In order to transfer credit to fulfill the QR requirement, a student must present to the Kenyon registrar evidence that the proposed transfer course is equivalent to a specific Kenyon QR course (a list of and descriptions of which are available on the registrar's Web page). For any proposed transfer course that does not correspond directly to a Kenyon equivalent, the student must supply explicit evidence that the course meets the specific criteria established for QR courses at Kenyon (e.g. it teaches students "to use statistical methods to analyze and interpret data," "to make inferences and decisions based on quantitative data," "to design experiments, and learn and apply data-collection methods," etc.) as a continuing theme in the course. In turn, the registrar will consult with the chair of the relevant department(s) to evaluate whether the proposed course is in fact equivalent to a Kenyon QR course or whether it adequately meets QR quidelines. The registrar, acting on behalf of the Curriculum Policy Committee, reserves the right to deny the transfer of QR credit. In every instance, the burden of proof falls to the student to present evidence that the QR criteria have been met; this evidence should take the form of course descriptions, syllabi, copies of assignments, and examinations. Whenever possible, students are urged to present transfer courses for the registrar's evaluation before enrolling in them.

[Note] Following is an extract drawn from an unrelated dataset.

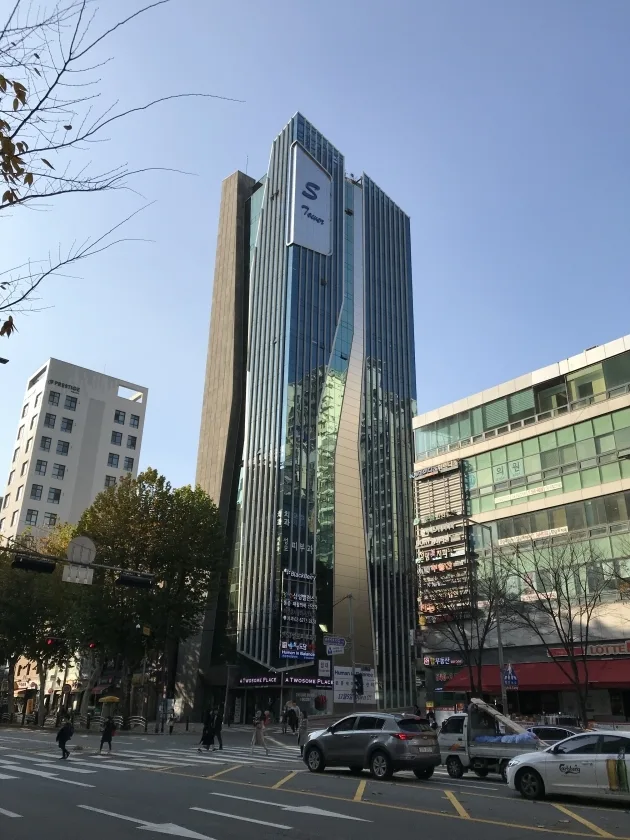 S-Tower 외관 2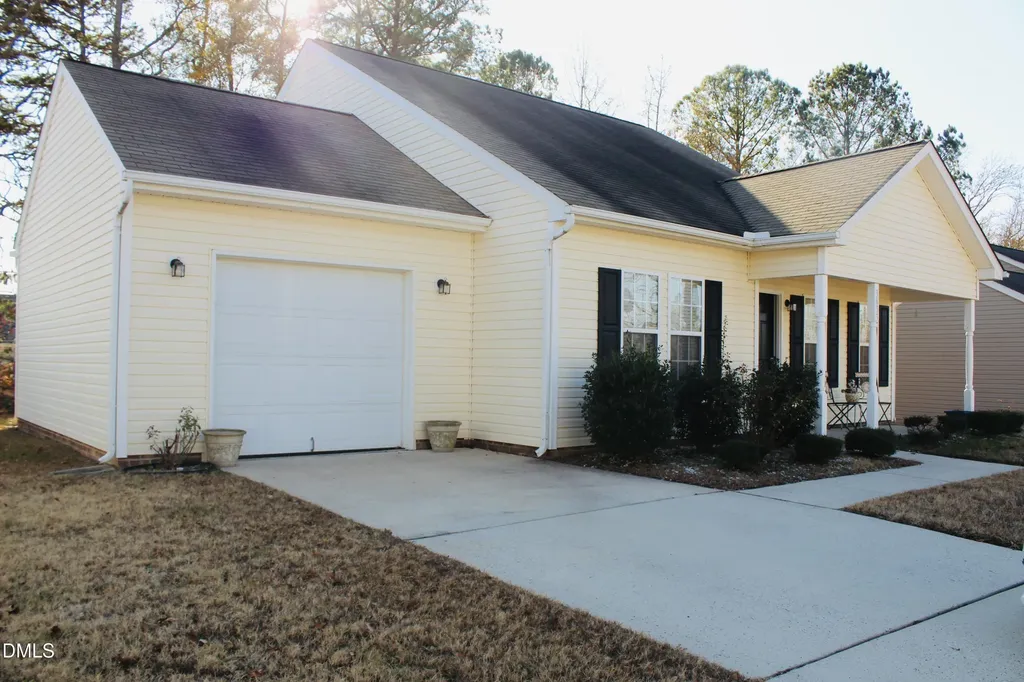 3633 Blue Blossom Drive Raleigh NC 27616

Note: A course will satisfy the quantitative-reasoning requirement only if it is designated a QR course for the semester in which it has been taken. Students should be aware that a particular course may change in character from one year to the next, so that it may count as a QR course during one semester but not during another.
Quantitative-reasoning courses may focus on the organization, analysis, and implementation of numerical and graphical data; or they may involve learning mathematical ideas, understanding their application to the world, and employing them to solve problems. In QR courses, students will learn some or all of the following:
- To use statistical methods to analyze and interpret data.
- To make inferences and decisions based on quantitative data--for example, by developing and testing hypotheses.
- To critically assess quantitative information--for example, by reading and critiquing journal articles with quantitative information and analysis.
- To design experiments, and learn and apply data-collection methods--for example, by developing data in laboratory exercises.
- To use mathematical reasoning and the axiomatic method--for example, by using systems of symbolic logic.
- To develop and use mathematical models--for example, to predict the behavior of physical, economic, or biological systems.
- To learn and apply the basic ideas of probability, chance, and uncertainty.
- To understand and apply concepts in algorithms and computer programming.
- To communicate quantitative information and mathematical ideas--for example, by constructing and interpreting graphical displays.
A given QR course probably will not include all of these abilities, but every QR course will engage students in some of them. In courses identified with the QR tag, the use of quantitative reasoning is a major and continuing theme. Although the subject matter of QR courses will vary by department and discipline, the quantitative knowledge and skills developed will be applicable in a wide variety of settings.